Like, Twilight doesn't want to do the dishes and Spike isn't around. She says "Flash, could you do the dishes for me?" On any one occasion, he can say, "No, Twilight, I'm busy," because Twilight's not abusive and won't demand it from him. But because she's more powerful and higher status, it's going to wear away at him that she could do better and if he wants to keep her he'd better keep her happy. He's always going to be aware that she has more options than he does. In the case of Human Flash and Sci-Twi, while she has superpowers and he doesn't, her powers are rarely invoked, something to be kept secret, and have not given her any social power. She probably has less social power than Flash, but not enough that he could inadvertently control her. But in the case of Pony Flash and Princess Twilight... she's a princess. He works for the crown. Technically she could be considered his boss, or his boss' boss.

In the case of, say, Fluttershy and Discord, Discord's vast magical power is balanced out by Fluttershy's higher social power, and the fact that Fluttershy is more valuable to Discord than Discord is to Fluttershy -- of course Fluttershy cares about him, a lot, but she wouldn't break off with her friends and leave her animals behind to cause chaos with him, because she has friends and obligations besides him. Discord could do anything he wanted to do to Fluttershy, but the fact that doing anything she doesn't like will make his only friend unhappy (or later, his best friend unhappy), and run the risk of losing her, means that Fluttershy has enough emotional power over Discord that his greater magical power doesn't matter (though it would matter, if Fluttershy tried to abuse the power she has over him. Discord could only be pushed so far; fortunately for both of them, Fluttershy isn't pushy at all.) This wouldn't be the case with pony Flash and Princess Twilight; he's not her best friend, he's unlikely to be her only suitor, and he really doesn't have much over her at all.

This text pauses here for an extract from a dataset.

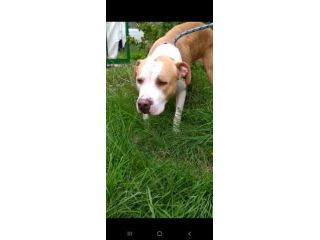 Pitbull puro 3anni finito in canile..piange tutto il giorno! SUD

Personally, I get very, very uncomfortable around relationships where one party has way more power than the other, regardless of the gender balance. Relationships where both parties have power, but in different axes, so that their areas of dominance interlock, are fine, and actually I love them -- for instance, I'm thinking here of the classic D&D style pairing of a female wizard and a male fighter, where she's much more powerful than he is, but also much more vulnerable in many respects, and depends on him for protection as much as he depends on her. (I've written this the other way around, too, in a fanfic about Q never getting his powers back, where for various reasons he ends up teaming up with a female Vulcan, and her greater strength pairs with his higher intelligence to allow them to defeat Ferengi pirates that hijacked their ship and were going to sell them into slavery.) But I can't stand "rich famous guy with girl who has nothing", because I know that even if he doesn't intend to, he can control her -- his status is too high. Now if she was his bodyguard, or she was a celebrity in her own right, that'd be different.